Tuesday, July 19, 2016

Gradle with "Service Provider" Pattern

I've started dusting off my old littleware project over the last month or so on a "dev" branch in github. As part of the cleanup I'm moving littleware from its old ANT-IVY build system to Gradle. When I started with ant-ivy it was a great alternative to Maven, and allowed me to extend the build setup put in place by a Netbeans IDE's project with transitive dependencies, jenkins integration, scala support - all that great stuff. The problem is that the ant-ivy setup is idiosyncratic, and Gradle and SBT are well designed, widely used systems. I wound up going with Gradle, because I've read a lot of good things about it, and I want to become more familiar with it, and I had used SBT a little in the past, and found SBT's DSL annoying and its extension mechanisms inscrutable, and of course Google is using Gradle to build Android, ...

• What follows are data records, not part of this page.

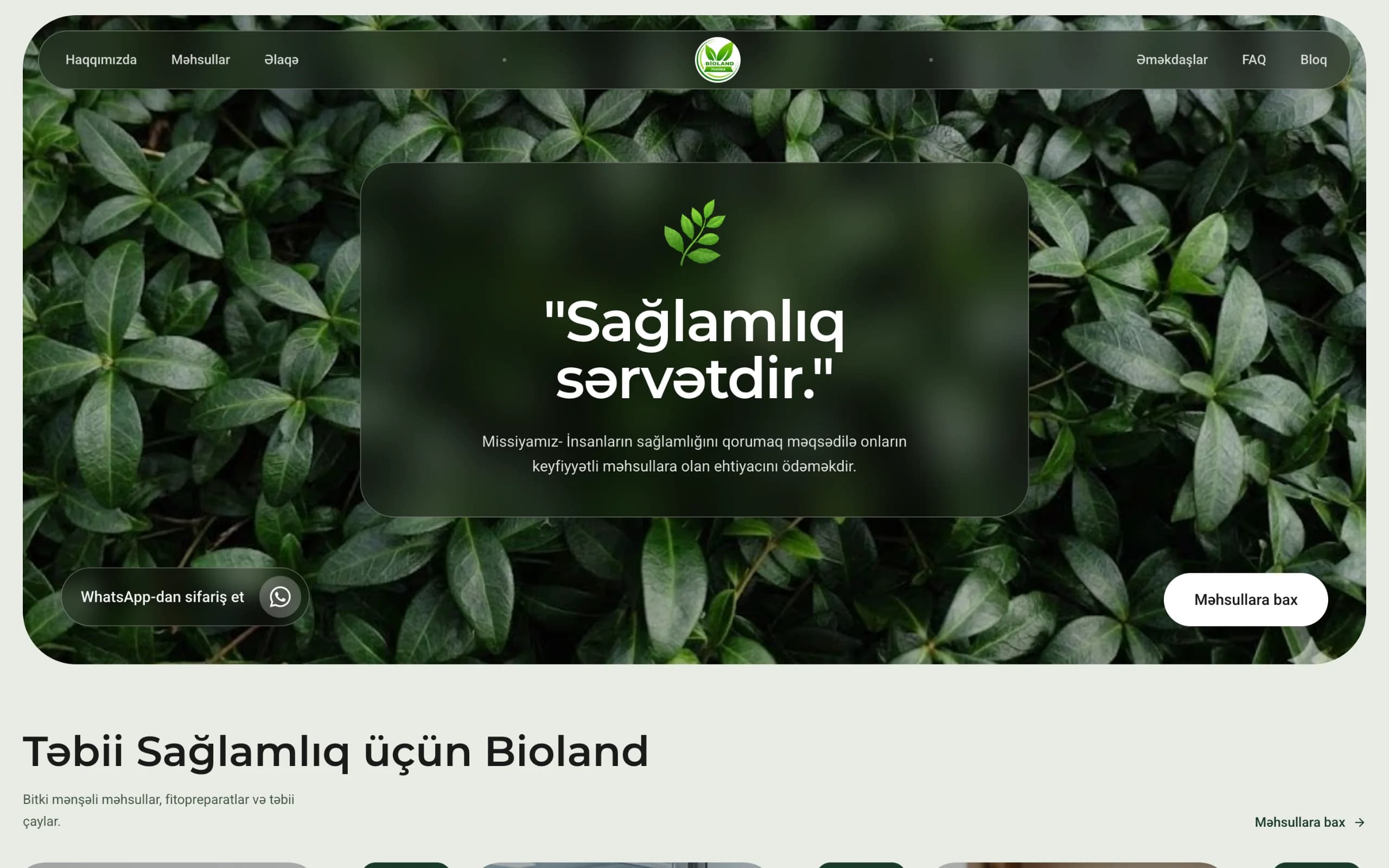 Bioland.az web sitesinin ekran görüntüsü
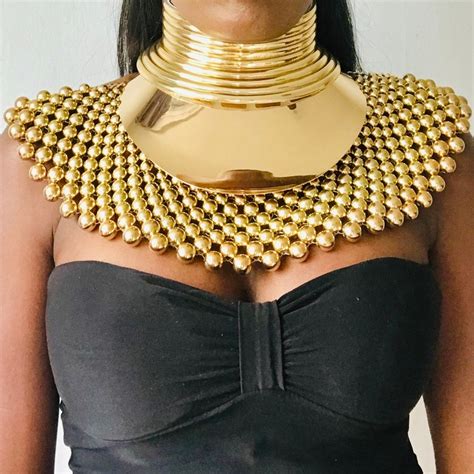 Set Fayoum African Statement Maxi Choker Necklace Beads Etsy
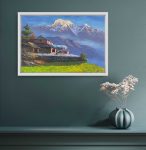 ALOM114 - Traditional Nepali house near mountain range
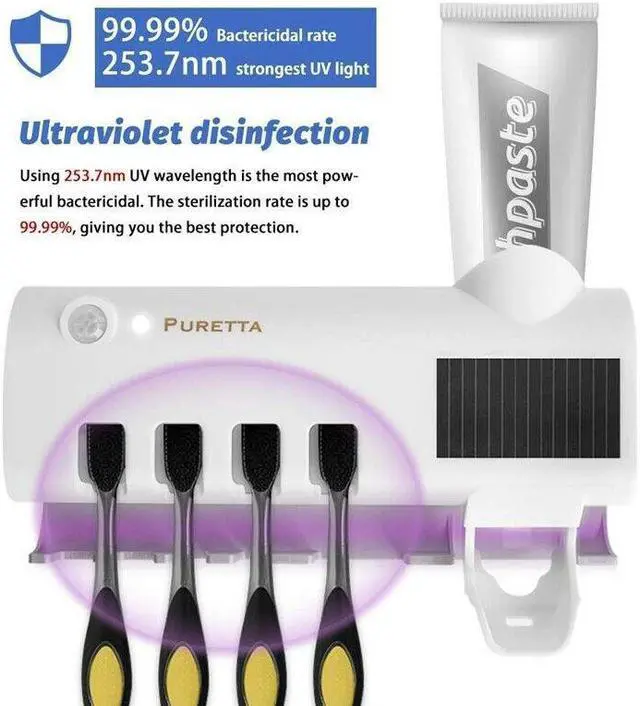 Alt view image 4 of 5 - Light Ultraviolet Toothbrush Sterilizer Automatic Toothpaste Dispenser ToothBrush Holder Bathroom Accessories Dropshipping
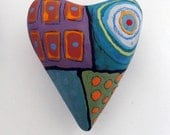Love Folkart Ceramic Heart Wall Sculpture Pillow -  Abstract graffiti Valentine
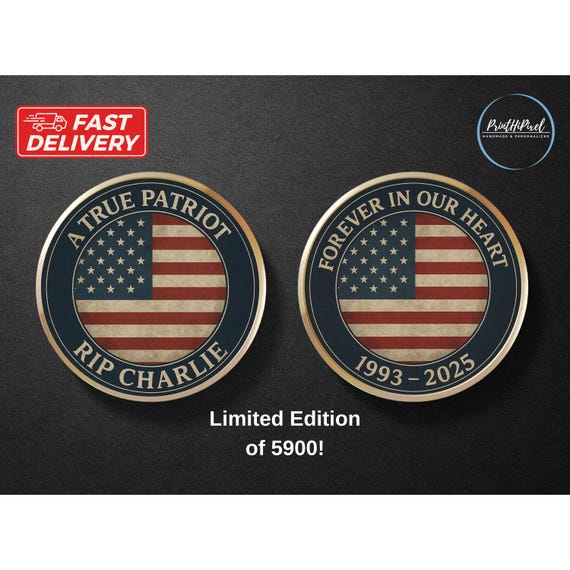 RIP Charlie coin, Charlie Memorial Coin, Patriot Gifts For Republican, Justice For Charlie, Pray For Charlie Coin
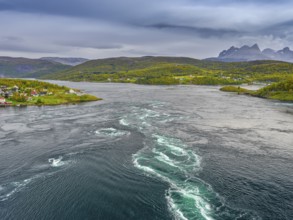 Saltstraumen, Salten, tidal stream, Saltfjord, Bodo, Norway, Europe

Anyway - like I said, I'm dusting off the code, and trying to remember what the hell I was thinking with some of it, but so far the Gradle integration has gone well. One of the issues I'm dealing with is the IVY-centric mechanism littleware had setup to pull in optional run-time dependencies. With Gradle the default behavior of the java plugin is to include all compile-time dependencies at run-time - which is what most people expect. Littleware's ant-ivy setup excluded optional dependencies (like mysql-connector versus postgresql - something like that), and included add-on IVY configurations like "with_mysql", "with_postgres", "with_aws", ... that kind of thing, so a client project would have a dependency specification something like this:

<dependency org="littleware" name="littelware" ... conf="compile->compile;runtime->runtime,with_mysql" />

Of course nobody else works like that, so in the interest of clarity and doing what people expect - I'm going to try to rework things, so that littleware's base jar asset includes service provider interfaces (SPI's), that add-on modules implement, so a client that wants to hook up littleware's ability to wire in a MySQL DataSource to a Guice injector would add a dependency to the 'littleware_mysql_module' to their build - something like that. The Jackson JSON parser implements a module system like this, and the SPI pattern is all over java-EE (JDBC, Servlets, whatever); it's a good and widely understood pattern. We'll see how it goes.